Türkiye İstatistik Kurumu (TÜİK) verilerine göre Türkiye nüfusunun yaşlı olduğu, ülkenin geniş aile yapısından çekirdek aileye dönüştüğü ve ciddi devlet politikalarına ihtiyaç duyulduğu vurgulandı. TÜİK verilerine göre ülkedeki 65 yaş üstü nüfusun toplam oranın da yüzde 8’e ulaştı.
İzmir Ekonomi Üniversitesi (İEÜ) Sağlık Hizmetleri Meslek Yüksekokulu Öğretim Görevlisi Melahat Kızıl, Dünya Sağlık Örgütü'ne göre 65 yaş ve yukarı yaştaki kişilerin yaşlı nüfus olarak kabul edildiğini belirterek, "Yaşam süresinin uzamasına bağlı olarak ülkemizde ve dünyada yaşlı nüfus oranı da gittikçe artmaktadır.
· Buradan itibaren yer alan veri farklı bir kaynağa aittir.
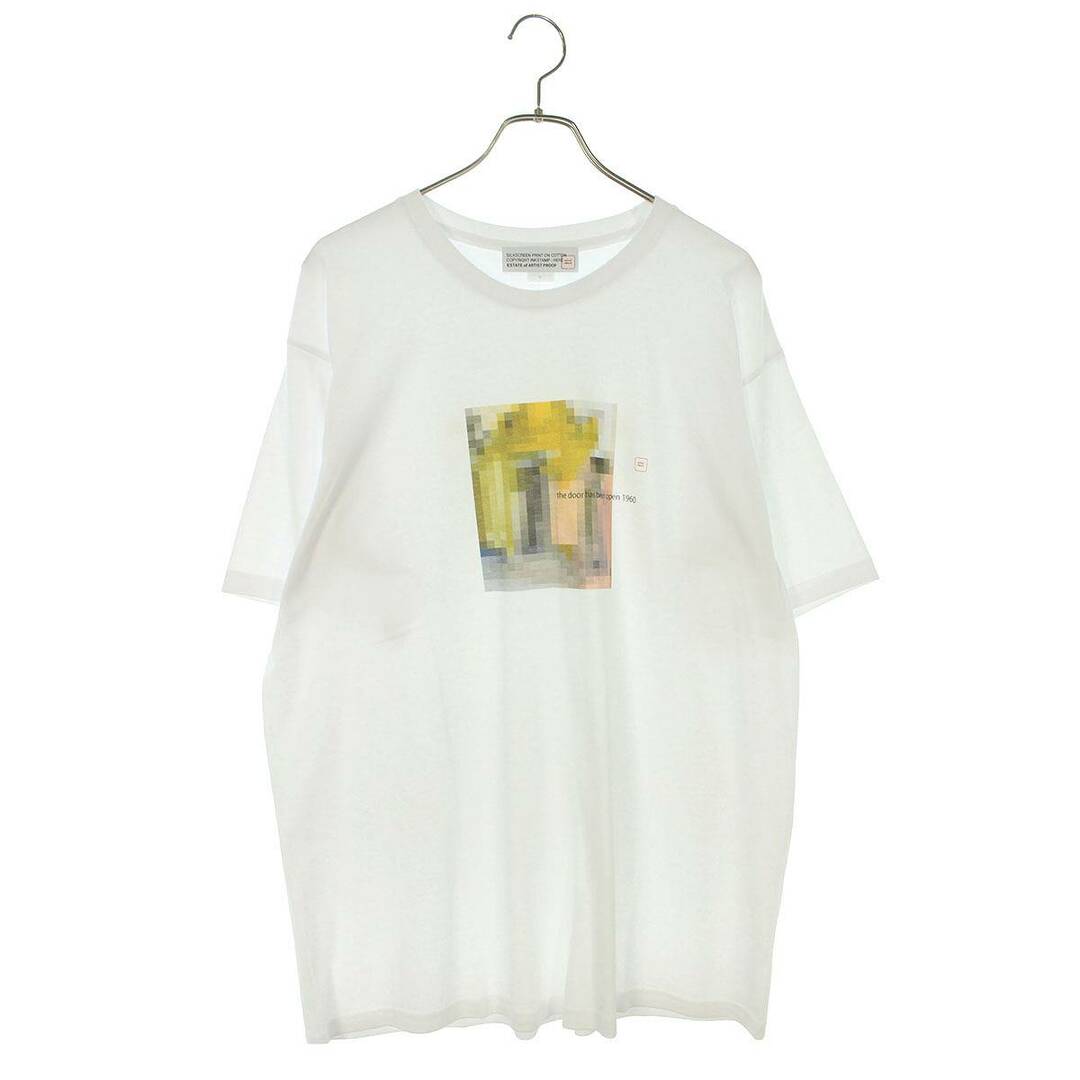 Tシャツ/カットソー(半袖/袖なし)アーティストプルーフ ARTIST PROOF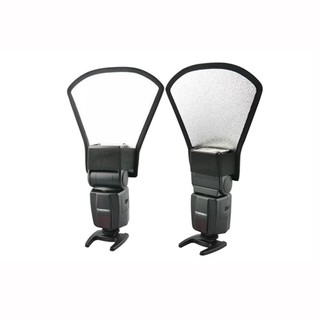 Tản sáng 2 mặt cho đèn flash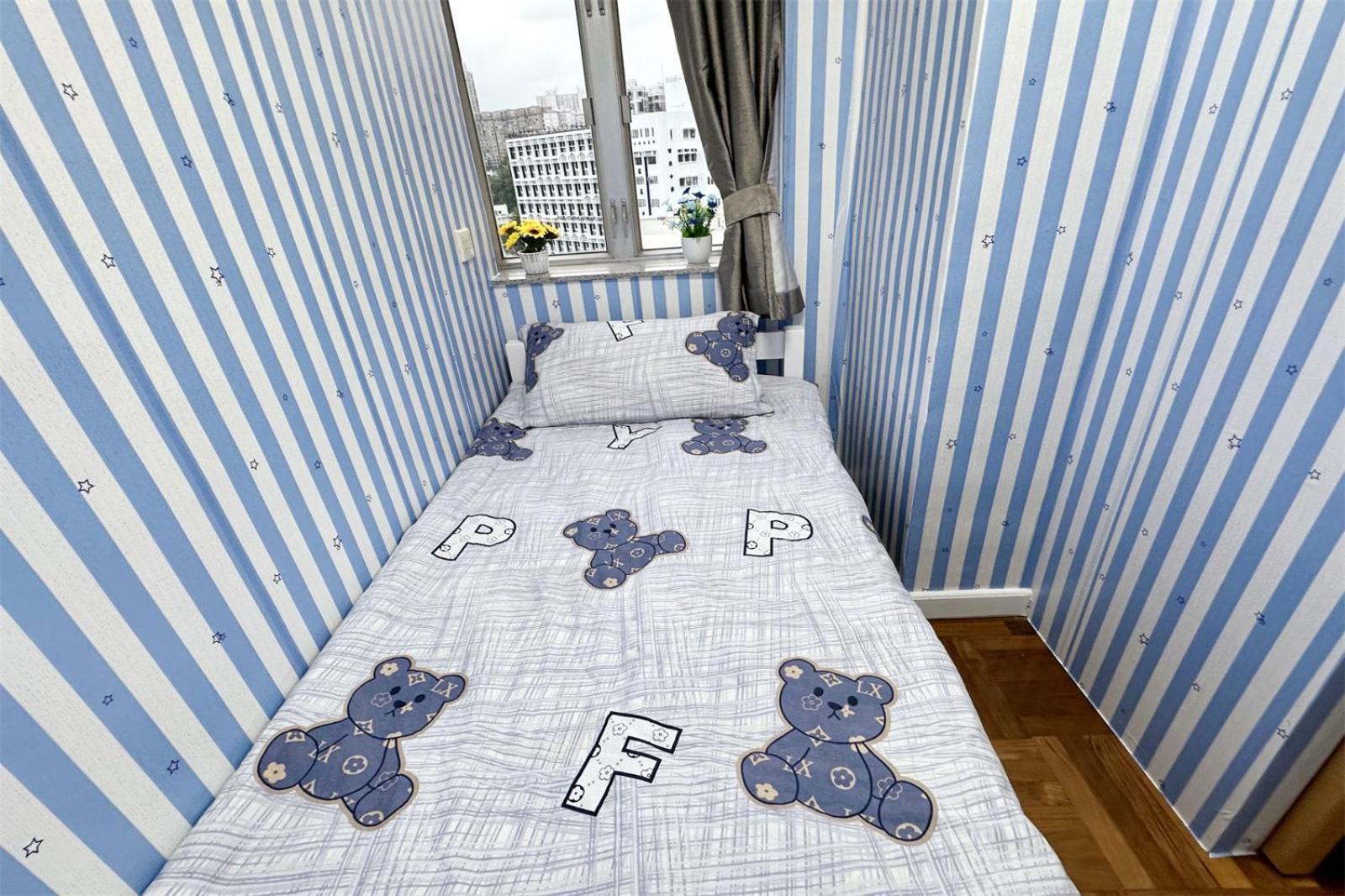 Fantastic Queen Beds, 4Rms Beside Mtr Grand 14Ppls 2 Bathrm Hong Kong Esterno foto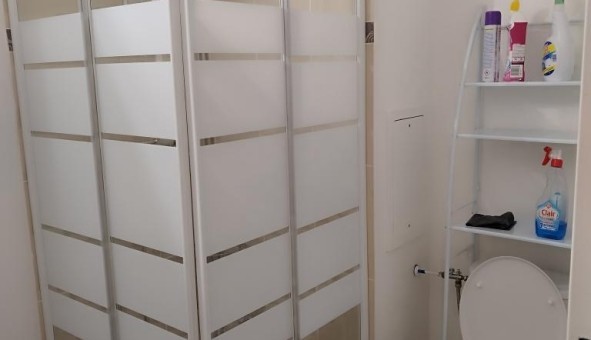 Logement tudiant Colocation à Athis Mons (91200)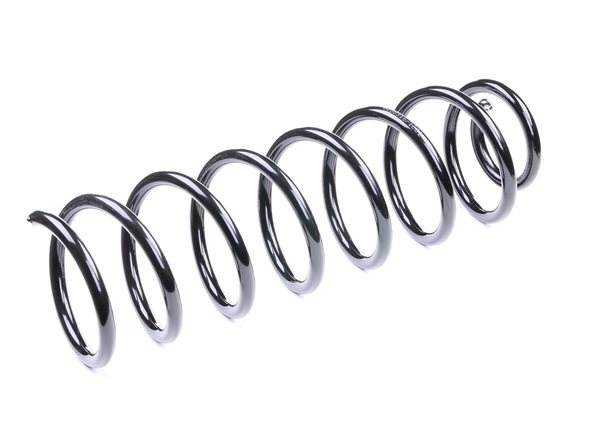 RIDEX 188C0070 Federn AUDI A4 Limousine (8D2, B5) 1.8 T 180 PS Benzin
Ortalama yaşam süresi 20. yüzyılın başına göre iki katına çıkmıştır. Türkiye’de yaşlıların yüzde 64’ü halen kendi evinde yaşamayı tercih etmektedir. Yaşlılık oranın hızla arttığı ve yaşamın doğal bir süreci olarak herkesin bir gün yaşlanacağı düşünülerek yaşlılara yönelik ciddi devlet politikaları geliştirilmek durumundadır" dedi.
‘Yaşlılar Depresyonda’
Her yıl 18 Mart ve haftasının 'Yaşlılar Haftası' olarak anıldığını ifade eden Kızıl, ülkedeki yaşlı nüfusun toplam nüfus içindeki oranın yüzde 8 ile 10 arasında olmasıyla o toplumun yaşlı olarak kabul edildiğini kaydetti. Kızıl, nüfusun yaşlanmasının yeni sorunları da beraberinde getirdiğini vurgulayarak, şunları söyledi:
"Türkiye’de 2013 yılında 100 çalışanın bakması gereken yaşlı sayısı on birken bu sayının 2030 yılında 19 olması beklenmektedir. Ülkemizde aile yapısındaki değişmeler, ekonomik zorluklar, kültürel değişiklikler sonucu yaşlıların bakımı bir yük olarak algılanmaktadır. Bu durum yaşlıları yalnızlaşmaya, toplumdan uzaklaşmaya ve depresyona itmektedir. İzmir Ekonomi Üniversitesi olarak yaşlılar üzerine yaptığımız bir araştırmada her üç yaşlıdan ikisinde ağır veya orta düzeyde depresyon yaşadığını gördük.”
‘Yaşlılarda Yoksulluk Yükseliyor’
Toplumun önemli bir kısmını oluşturan yaşlıların yoksulluk riski altında olduğuna da dikkat çeken Kızıl, yaşlı nüfusta yoksulluk oranının 2012 yılında yüzde 18,7'ye yükseldiğini belirtti.
‘Huzurevlerinin İmajı Hala Kötü’
Sosyal güvence yoksunluğu, eğitimsizlik, kronik hastalıklar, kolay hareket edememe gibi etkenlerin yaşlıların önemli sorunları arasında yer aldığını aktaran Kızıl, "Huzurevleri hala daha kimsesi olmayan, bakılamayan yaşlıların bakım aldıkları yerler olarak kabul edilmektedir. Son dönemlerde gündüz bakım evleri ve huzurevleri gibi kurumlar özellikle özel sektörde artmış olmasına rağmen bu inanış nedeniyle yeterince rağbet görmemekte ya da sadece parası ve güvencesi olan insanlara hizmet etmektedir" diye konuştu.